If you want to become a better shot, you need to understand what each of these are, be able to shoot them confidently, and know when to use each of them. They are like a set of golf clubs, you need to use the right method for the target you are shooting at, so you might use the CPSA “Method” on the first of a pair but the second target might require you to use swing through or maintained lead.

 The CPSA “Method.”

A very effective way to shoot most types of targets and one which is fairly intuitive. If someone was cycling past you and you wanted to point at them, as you brought your arm up, it would already be moving with them and as the finger extends to point it will be right on them.  All we are doing when we add a gun is to move with the target as we mount and as the mount is completed, pull away from the target to obtain the necessary lead picture and follow through to finish the shot as always. By locking onto the target throughout the mount we will have its exact line and speed.

Maintained lead.

This is my personal favourite method of shooting. The eyes stay focussed on the clay throughout the shot and the gun is held further out along the line of flight than you would with method or swing through. The gun never actually points at the target  but is always out in front during and after the shot.  Mount the muzzles some way in front of the clay, stabilise the lead, fire and follow through. This way of shooting minimises gun movement but you need to have a perfect gun mount and shoot a lot of targets so that you know when you see a target exactly how much lead to apply. The only way to build this “library of pictures” in the brain is to do a lot of shooting on different targets at different shoots.

Swing through.

Swing though tends to be a much maligned method of shooting. Often a shooter will mount with a “dead” gun, i.e. not moving with the clay, end up yards and yards behind it, chase like mad after it, swing wildly past it, stop, and pull the trigger – with highly variable results. Used correctly however, swing through can be an effective method. Throughout the mount the muzzles should be just behind the target, not more than a couple of feet or so, as the gun comes into the cheek and the shoulder the muzzles pass the target to apply lead, we shoot and follow through. In all of the three methods outlined, you will note the emphasis on the follow through. It is vital to finish the shot off properly.

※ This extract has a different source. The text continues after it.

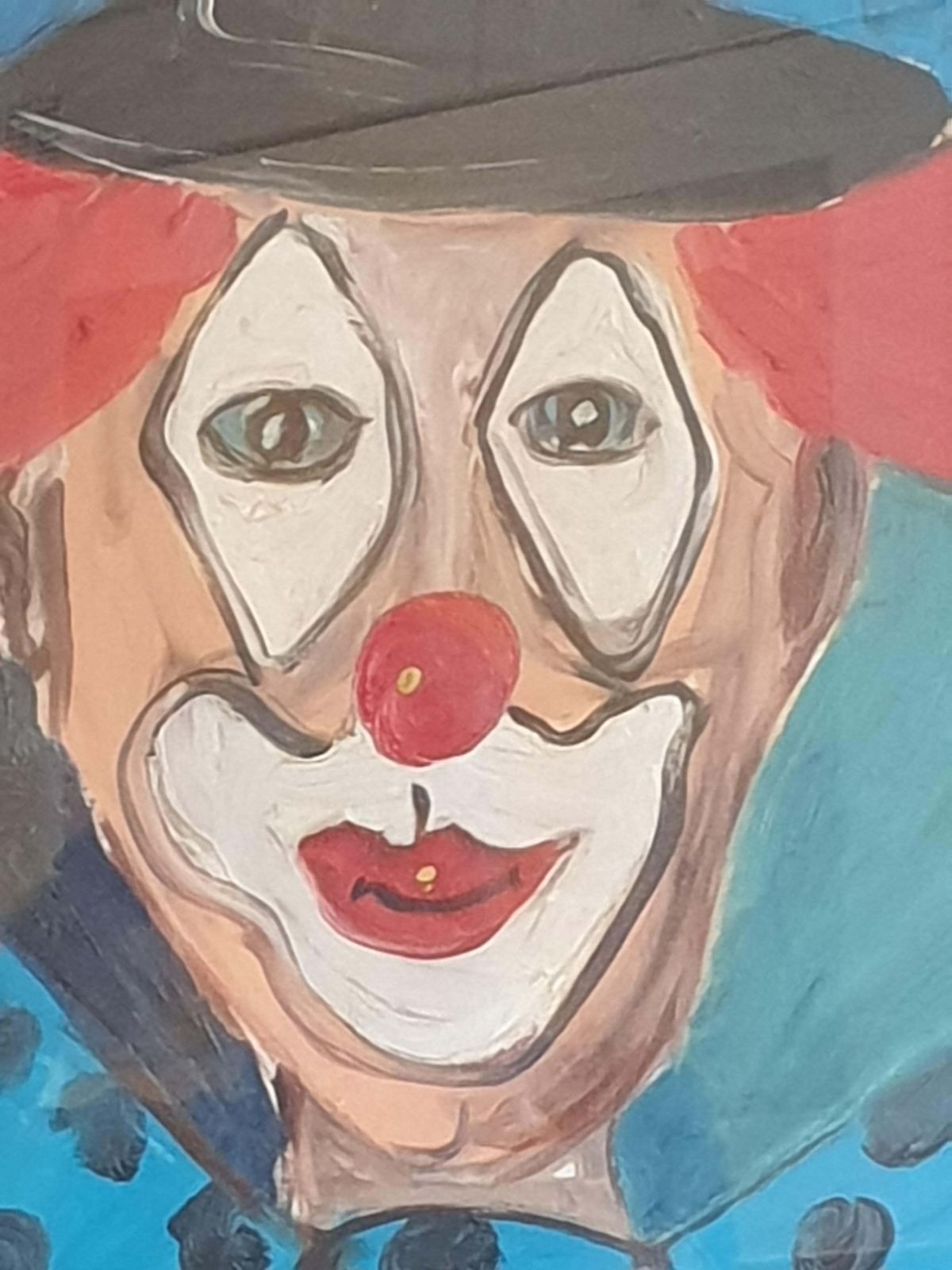 Luciano Morterracoco The Clown In Top Hat And Bow Tie. Milan School, Italian Oil On Canvas.1976 photo furniture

In order to practise the three methods, set up a moderate crosser, about twenty yards out, and shoot it method for ten shots, have a break for a couple of minutes, then shoot it swing through, then break and afterwards shoot it maintained lead. As you change methods, note how the hold position, lead picture and break point changes. When you are hitting the target consistently,(90 per cent) with all the methods, move back ten yards to thirty yards, do the same again, then move to 40 yards and finally 50. Then move round to the other side and do the same with the target going in the opposite direction, left to right then right to left or vice versa.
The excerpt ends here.